2.3. Ter zitting van de Afdeling is vastgesteld dat het bouwplan voldoet aan artikel 14.2.1, aanhef en onder a, van de planregels behorende bij het bestemmingsplan "Buitengebied 2013", nu de inhoud van de woning na de uitbreiding minder bedraagt dan 750 m3. Het college heeft evenwel ter zitting erkend dat het bouwplan, gelet op de dakhelling van het bouwplan, in strijd is met het bestemmingsplan "Buitengebied 2013", maar dat hiervoor met toepassing van artikel 38.1 van de planregels omgevingsvergunning kan worden verleend. Het bouwplan waarvoor bij besluit van 2 juni 2002 vrijstelling en bouwvergunning is verleend past derhalve niet in het bestemmingsplan "Buitengebied 2013". Gelet hierop heeft [appellant], anders dan de rechtbank heeft overwogen, processueel belang bij een inhoudelijke beoordeling van de bij het in het besluit op bezwaar van 2 maart 2010 gehandhaafde besluit van 4 juni 2002. Dat het beroep tegen het besluit van 2 maart 2010 slechts is gericht tegen de door het college gemaakte berekening van de inhoud van het bouwplan en het bouwplan voldoet aan artikel 14.2.1, onder a, van de planregels van het bestemmingsplan "Buitengebied 2013", maakt dat niet anders, nu eerst processueel belang bij de beoordeling van een vrijstelling van het voorheen geldende bestemmingsplan ontbreekt wanneer een bouwplan in zijn geheel past in een nieuw en onherroepelijk bestemmingsplan. Nu dat niet het geval is, heeft de rechtbank ten onrechte overwogen dat [appellant] geen processueel belang heeft bij een beoordeling van zijn beroepen gericht tegen de besluiten van 2 maart 2010 en 12 juli 2011.
Het betoog slaagt.
3. De rechtbank is gelet hierop ten onrechte niet ingegaan op de door [appellant] in beroep aangevoerde gronden tegen de besluiten van 2 maart 2010 en 12 juli 2011. De Afdeling zal derhalve deze gronden behandelen, voor zover daarop nog moet worden beslist.
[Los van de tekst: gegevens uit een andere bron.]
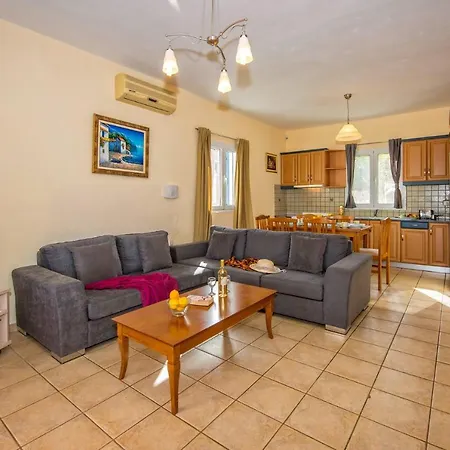 别墅 Skala Seaview By *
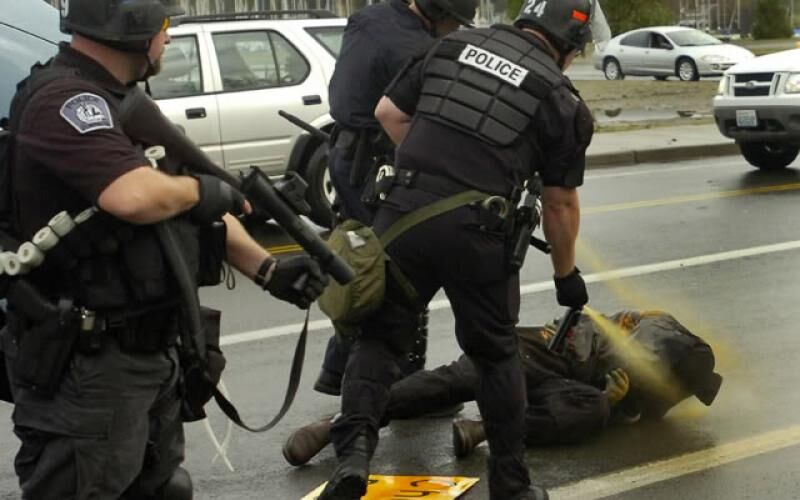 افشای صحنه‌ای دیگر از جنایت پلیس آمریکا علیه سیاهپوستان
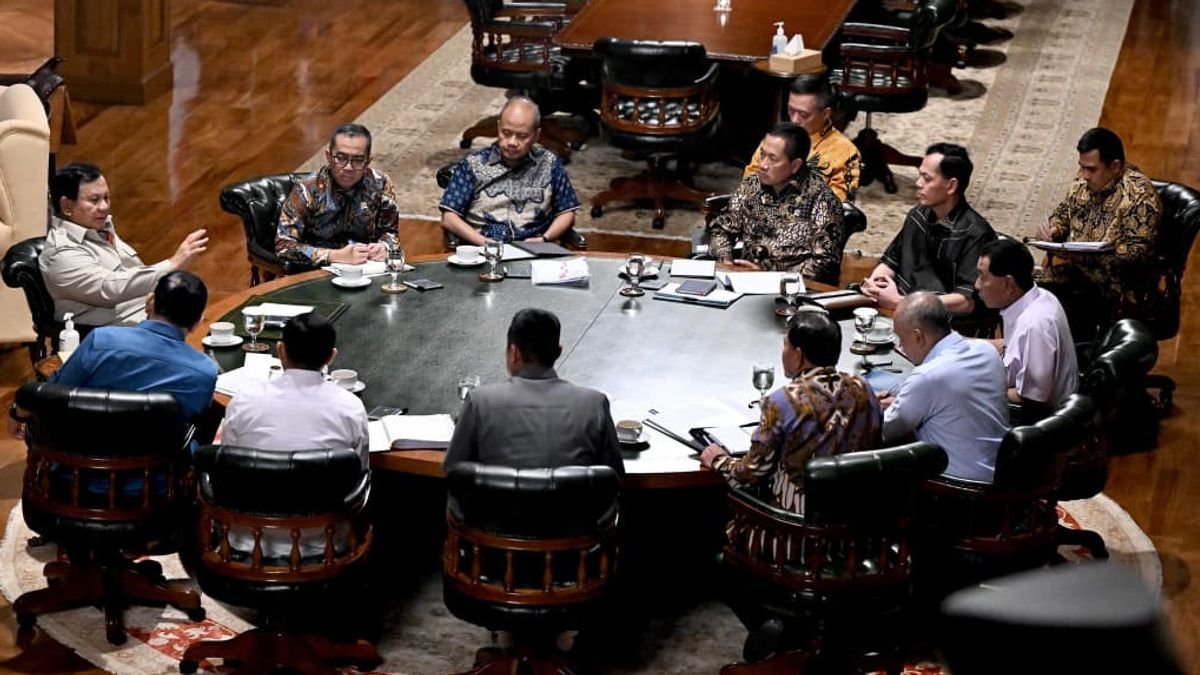Rapat Maraton di Hambalang, Prabowo Bahas Kampus Baru, Konflik Timur Tengah, dan Mudik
4. [appellant] betoogt dat het college onvoldoende deugdelijk heeft gemotiveerd waarom het bij besluit van 2 maart 2010 de op 4 juni 2002 verleende vrijstelling en bouwvergunning heeft gehandhaafd. Hij voert hiertoe aan dat de bouwvergunning bij besluit van 12 september 2006 is ingetrokken en het college voorts niet deugdelijk heeft gemotiveerd waarom het vrijstelling heeft kunnen verlenen met toepassing van artikel 2.06, vijfde lid, aanhef en onder b, van de planvoorschriften van het voorheen vigerende bestemmingsplan "Buitengebied", nu het college de inhoud niet in overeenstemming met de planvoorschriften heeft berekend en is uitgegaan van een onjuiste bestaande en nieuwe inhoud van de woning op het perceel.
4.1. Ingevolge artikel 2.06, lid 3A, onder 4, van de bij het ten tijde van het besluit van 2 maart 2010 vigerende bestemmingsplan "Buitengebied" behorende planvoorschriften geldt, voor zover hier van belang, voor het bouwen van woningen dat de inhoud niet meer mag bedragen dan de inhoud welke aanwezig is op het tijdstip van het in ontwerp ter inzage leggen van het plan.
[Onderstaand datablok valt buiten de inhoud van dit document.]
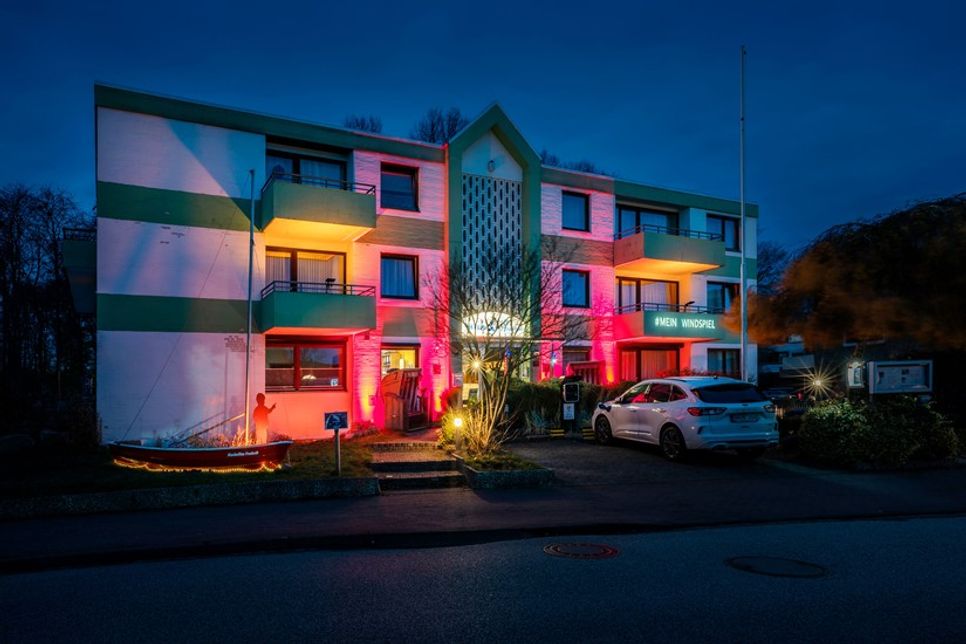 Das Hotel Windspiel wird in leuchtende Farben getaucht.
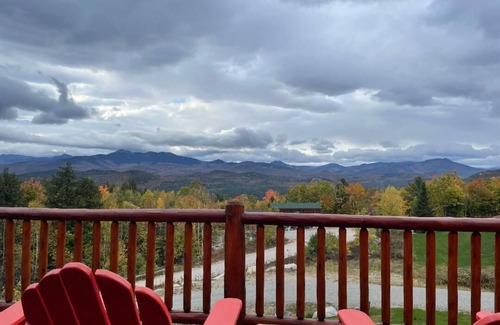 Madison House | Mountain Ski House w/hot tub, wrap around deck, panoramic views!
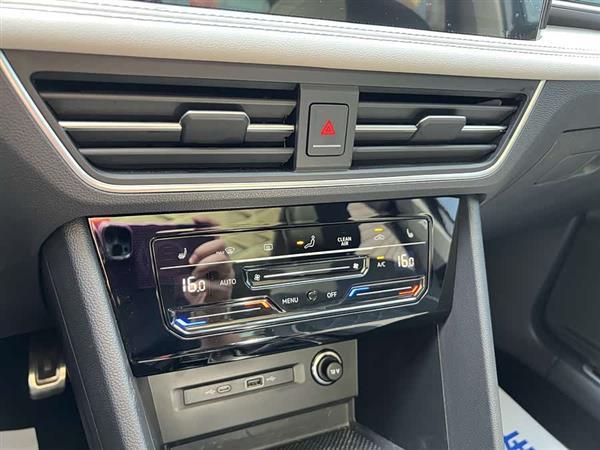 途观L 2023款 330TSI 自动两驱R-Line越享版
In het vijfde lid van artikel 2.06, aanhef en onder b, voor zover hier van belang, is bepaald dat burgemeester en wethouders vrijstelling van het bepaalde in lid 3A, onder 4, kunnen verlenen voor het uitbreiden van woningen, met dien verstande, dat woningen welke op het tijdstip van ter visie legging van het ontwerp-plan een inhoud hebben tussen 380 m³ en 750 m³ met maximaal 20 procent mogen uitbreiden, mits na uitbreiding de inhoud niet meer bedraagt dan 800 m³.
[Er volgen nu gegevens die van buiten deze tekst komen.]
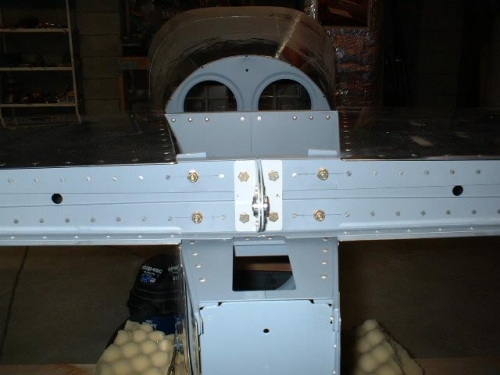 Rear spar bolted to vertical bars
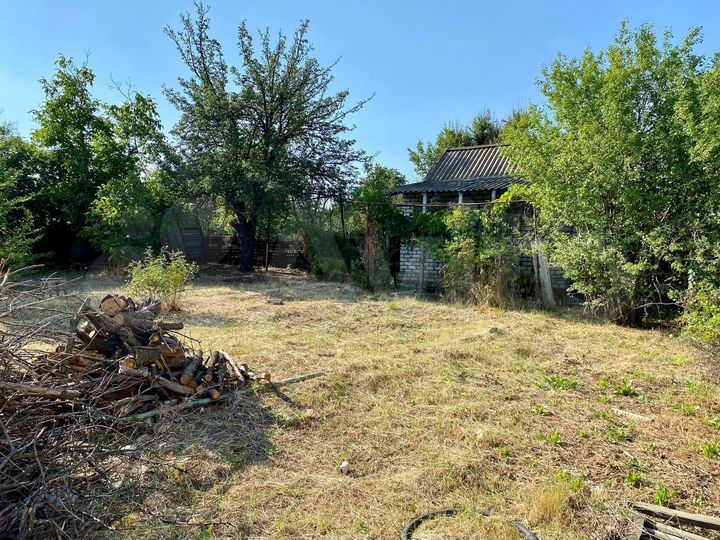 Дача 20 м² на участке 10,4 сот.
4.2. Bij besluit van 12 september 2006 heeft het college het besluit van 4 juni 2002 ingetrokken. Bij besluit van 24 mei 2011 heeft het college het daartegen ingestelde bezwaar van [partij] gegrond verklaard en het besluit van 12 september 2006 herroepen en ingetrokken. Bij uitspraak van 16 juli 2013 in zaak nr. 11/1445 heeft de rechtbank het daartegen door [appellant] ingestelde beroep niet-ontvankelijk verklaard. Het door [appellant] daartegen ingestelde hoger beroep is ingetrokken. Gelet op het voorgaande diende ten tijde van het besluit van 2 maart 2010 te worden uitgegaan van een ingetrokken bouwvergunning van 4 juni 2002 en kon het college derhalve niet volstaan met een ongegrondverklaring van het bezwaar van [appellant]. Het beroep van [appellant] gericht tegen het besluit van 2 maart 2010 is reeds daarom gegrond.
Het betoog slaagt.
5. Voorts betoogt [appellant] dat het college in het bij besluit op bezwaar van 12 juli 2011 gehandhaafde besluit van 15 februari 2011 ten onrechte heeft afgezien van handhavend optreden. Hij voert hiertoe aan dat het college, na intrekking van de bij besluit van 4 juni 2002 verleende bouwvergunning bij besluit van 12 september 2006, bevoegd is handhavend op te treden en het, gelet op zijn belangen, niet deugdelijk heeft gemotiveerd waarom het heeft geweigerd handhavend op te treden.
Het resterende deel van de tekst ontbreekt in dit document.